## EXERCISE DETAILS
Transcribe the listing exactly, so that nothing but the pictures is missing.
═══ RECORDED DATA ═══
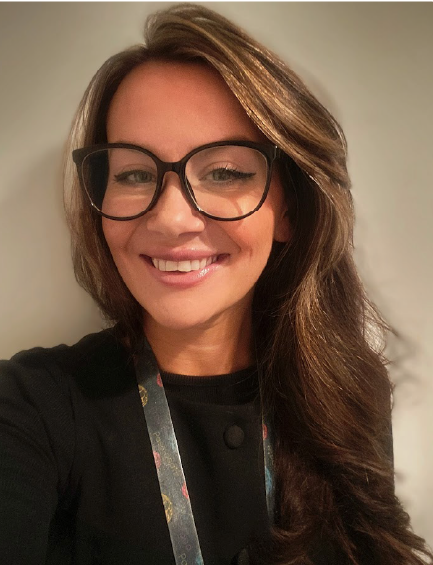 A woman with brown wavy hair and glasses smiles, wearing a black sweater and a lanyard.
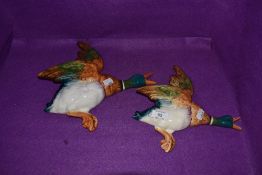 Two graduated ceramic wall mounted mallard ducks by Beswick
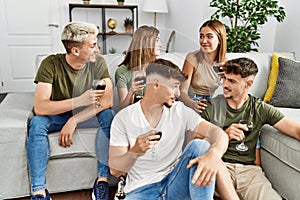 Group of young friends smiling happy drinking red wine at home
═══
## EXERCISE ANSWER
 A woman with brown wavy hair and glasses smiles, wearing a black sweater and a lanyard.
 Two graduated ceramic wall mounted mallard ducks by Beswick
 Group of young friends smiling happy drinking red wine at home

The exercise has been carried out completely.